Она не стала добавлять «доживу». И так понятно. И Рэм не стал тему вновь развивать.

Дали набросилась на него, едва входную дверь за собой захлопнул:

— Рэм, так нечестно! Ты должен был вернуться два часа назад. Мы же к моим предкам съездить собирались!


Каждая веснушка на ее лице источала возмущение Рембрандт невольно попробовал сравнить жену с Дариной. Полная противоположность! Яркая, огненно-рыжая, сильная, энергичная, большая. Здоровая. И слава богу, что здоровая. Приобнял за талию, чмокнул в щечку. И, направившись в комнату, бросил на ходу:

— Предки отменяются. И с завтрашнего дня мы с тобой в отпуске. Я уже звонил боссу, договорился.

— Ух ты! Вот так сюрприз. Мы куда-то едем?

Дали поспешила следом.

— Нет. Есть один срочный проект.

— Что?! Шабашка? Несолидно для Мастера твоего уровня.

— Не шабашка, а проект. — Рэм плюхнулся на диван, похлопал ладонью рядом с собой. — Садись, буду рассказывать.

Идея мелькнула в голове, когда Дарина упомянула о своих работах. И затем постепенно концентрировалась, выкристаллизовывалась… Да, девушке не суждено стать вирт-художником. Но один из своих миров она увидит!

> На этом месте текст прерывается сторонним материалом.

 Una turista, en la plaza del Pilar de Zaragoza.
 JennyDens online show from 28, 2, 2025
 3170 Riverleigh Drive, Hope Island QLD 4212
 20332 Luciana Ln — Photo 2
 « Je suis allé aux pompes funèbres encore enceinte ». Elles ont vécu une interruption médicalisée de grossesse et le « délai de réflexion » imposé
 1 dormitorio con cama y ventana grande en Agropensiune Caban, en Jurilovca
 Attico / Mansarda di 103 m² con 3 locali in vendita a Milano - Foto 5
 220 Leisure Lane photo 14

Эскизы и черновики занимали два ящика стола и два «гектара» дискового пространства — Рэм успел лишь бегло просмотреть малую часть их. Но и этого хватило, чтобы понять — может получиться вполне реальный проект.

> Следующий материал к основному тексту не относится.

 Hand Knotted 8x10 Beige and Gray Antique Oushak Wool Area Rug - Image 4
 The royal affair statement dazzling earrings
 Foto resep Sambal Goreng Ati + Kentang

Дали слушала мужа внимательно. А брови ее постепенно изгибались, рисуя на лице «домик». Ох, как хорошо знал Рембрандт это выражение лица! Означало оно: «Уж от тебя я такой лабуды никак не ожидала!» Конечно, вслух так откровенно жена не говорила.

— Ты что же, хочешь сделать игру по ее картинкам?

— Не игру. Только мир. Виртуальный мир.

— Ты не сможешь один. Не успеешь.

— Разумеется, один я ничего не сделаю! Обращусь к ребятам за помощью. Сейчас соберем команду, а завтра прямо с утра пойдем с тобой к Дарине. Мы договорились, она будет ждать. Начнем смотреть ее работы, отбирать, что пригодится для проекта. Обещаю, это будет интересный мир. Сама увидишь!

— Твоя команда согласится работать бесплатно?

Рембрандт осекся. На лице женщины по-прежнему висела та же снисходительно-насмешливая маска. Выпалил с досадой:

— Почему ты считаешь, что в нашем мире все измеряется деньгами?!

— Потому что в нашем мире все измеряется деньгами.